I know that my Redeemer lives, and that in the end he will stand upon the earth. And after my skin has been destroyed, yet in my flesh I will see God.
I am not at a time or place in my life where I have felt the ability to engage in serious and lengthy fasting. I suppose no one has ever really felt that they were well-equipped to fast, to take up any sort of ascetic practice for that matter. Unless such practices are made into fads they are completely counter-intuitive and rebel against a nature that constantly seeks satisfaction. It seems odd and difficult to understand that we, as Christians, should feel the need to create ‘self chosen suffering’ when we live in a world where suffering is unavoidable. Why choose not to eat out of abundance while others cannot eat out of poverty?
Yet the Lenten season is a time set aside for the practice of fasting. It may be viewed as a time of solidarity with the poor and the weak of the world. God, however, scoffs at such half-hearted reasoning in Isaiah 58, calling out the two-facedness of His people’s pious practice. What then? Fasting is not the avenue through which we meet God. This mindset begins to strip Christ’s suffering of its meaning. Rather, the period of fasting is meant to reflect that which Christ’s suffering reveals to us: heartfelt vulnerability and vigorous trust.

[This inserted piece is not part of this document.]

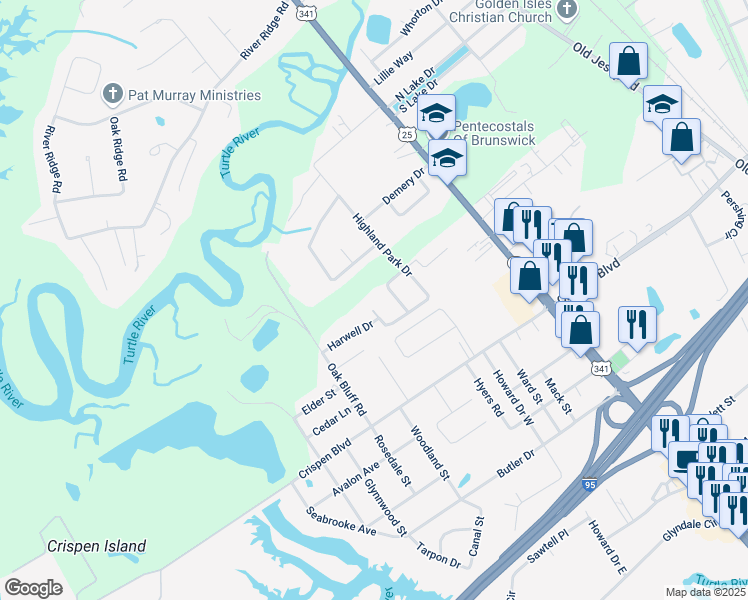 map of restaurants, bars, coffee shops, grocery stores, and more near 192 Patrick Drive in Brunswick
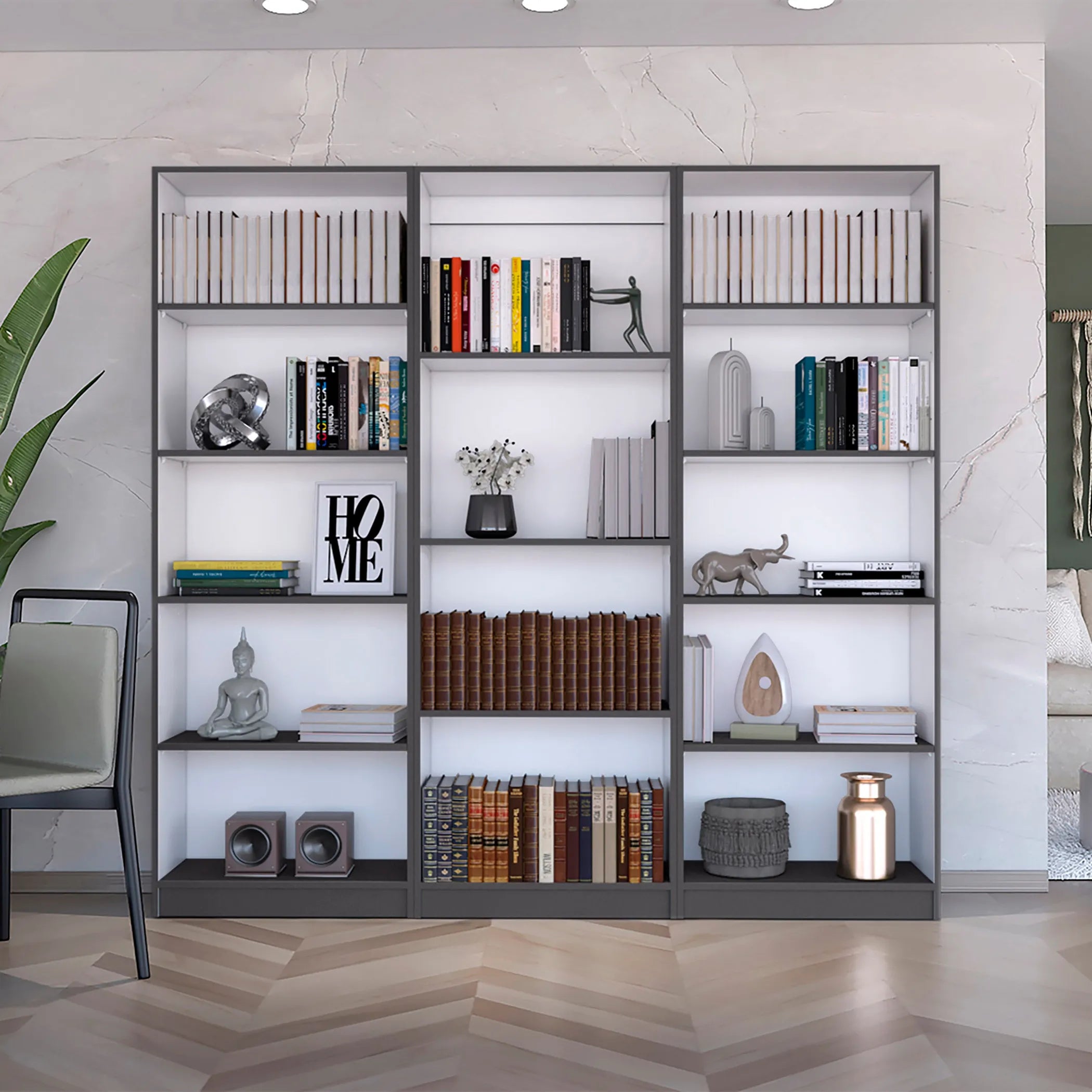 Bartow 3 Piece Living Room Set with 3 Bookcases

Job’s words of assurance could not have come apart from the recognition of who he is in relationship to God, a recognition viewed through the lens of his suffering.
Fasting, then, serves as this ultimate reminder of the ways in which we try to avoid true suffering. Fasting must become a time of preparation so that when life inevitably gives suffering, we approach with a mind set on Christ rather than comfort.